By June 22, India recorded just approximately 50,000 new Covid cases in 24 hours, the least number in over three months. Plenty of others, on the other hand, are still scared to return to their normal lives. “We started meeting people in March, and the second wave wreaked havoc on the country after that. I’m not yet able to leave the house or allow my children to go outside. We have not yet had the sickness yet, and I’m not willing to take any chances,” says Kartik Nair, a 38-year-old Delhi former banker. Many people, including Nair, are terrified that Covid will return shortly for a third wave.
Regrettably, it is impossible to predict whether or not a third wave will arise. Covid, like other respiratory illnesses, is evolving, and a percentage of the world’s population remains vulnerable, so there’s still a potential the virus could spread and the number of cases will increase sharply again. It’s difficult to say when this may happen; the 1918 Flu Pandemic hit India in 3 phases. In 2009 and 2010, there were just two waves of swine flu. After the first Covid wave, India’s second took around five months to start.

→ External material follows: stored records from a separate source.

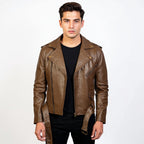 Man wearing a brown leather jacket on a white background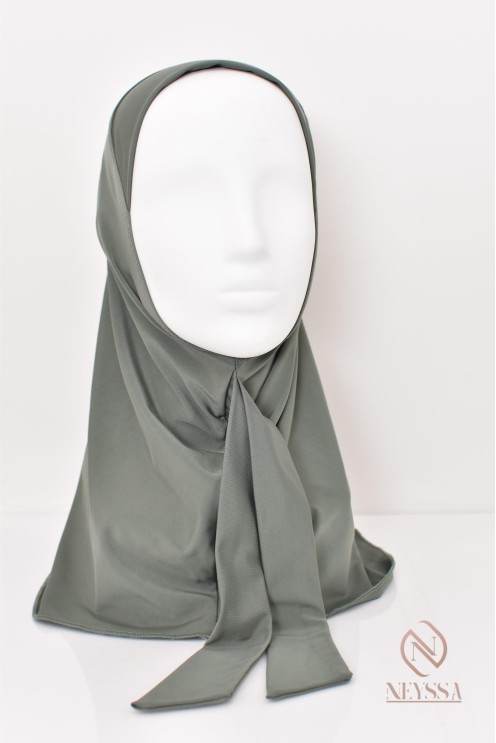 Burkini in Übergröße 1,80 m, khaki, Tunika mit Reißverschluss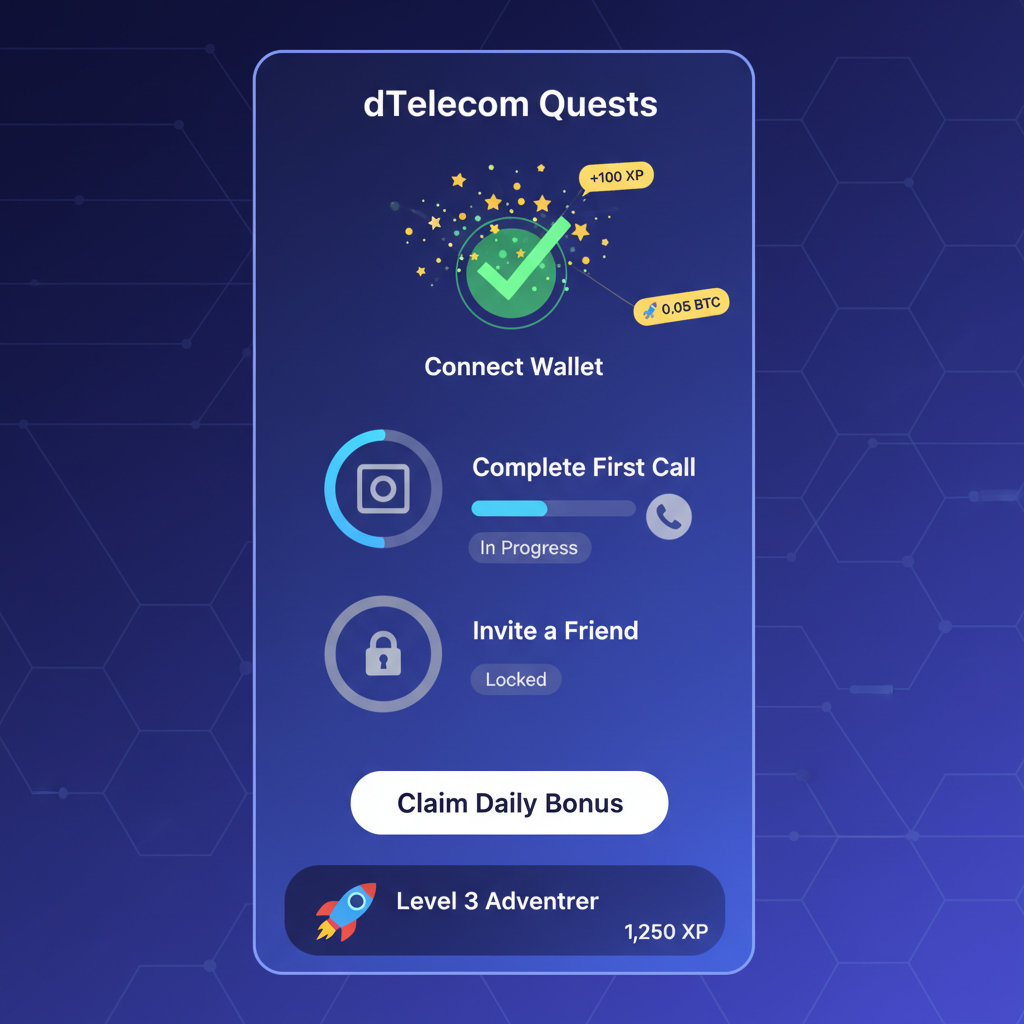 gamified quest interface on dTelecom app, checkmarks and points exploding, energetic crypto UI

There is no uniformity in the number of waves or the interval between them around the globe—much relies on vaccination status, human behavior, and Covid alterations in the country. Whereas the United States has only seen two waves, Germany and France saw the third phase in April. The UK is still in the initial stages of the latest wave this month, which may or may not be highly damaging. In India, there is a similar sense of hope, which is that even if a third wave happens, it will not be particularly devastating. “If we practice proper behavior, vaccinate enough people, and assure early detection and treatment, a third wave may not look anything like the second. Because Covid isn’t going to go away, a new wave will erupt, but how severe it will be is up to us,” says Professor K. Srinath Reddy, director of the Public Health Foundation of India (PHFI).
Many analysts believe that a third wave can also be avoided completely. “If we wear masks appropriately, maintain distance, and get ourselves vaccinated, why should there be a third wave?” argues Dr. V.K. Paul, chairman of the national committee on Covid management. Many glasses of water are being placed on the national immunization program’s success. As per AIIMS Delhi director and prominent pulmonologist Dr. Randeep Guleria, when most individuals develop sufficient protection to Covid-19—either through vaccinations or infection—the virus is becoming indigenous, appearing only periodically like other coronaviruses like influenza and the flu virus. Dr. T. Jacob John, a well-known virologist, feels that the odds of the third wave in India are slim, especially one with such a sharp upward ascent as the second wave. “Delta and Delta Plus are essentially identical, and serological studies show that both variants have spread widely. These differences would have harmed a lot of people without generating any signs. “This, along with adequate immunization, will result in significantly fewer instances for the remainder of the year,” he predicts.
If Covid-19 mutates towards a more communicable or highly controlled variant than the Delta form, India is likely to be able to maintain its numbers down by adequate immunization and Covid cautious behavior.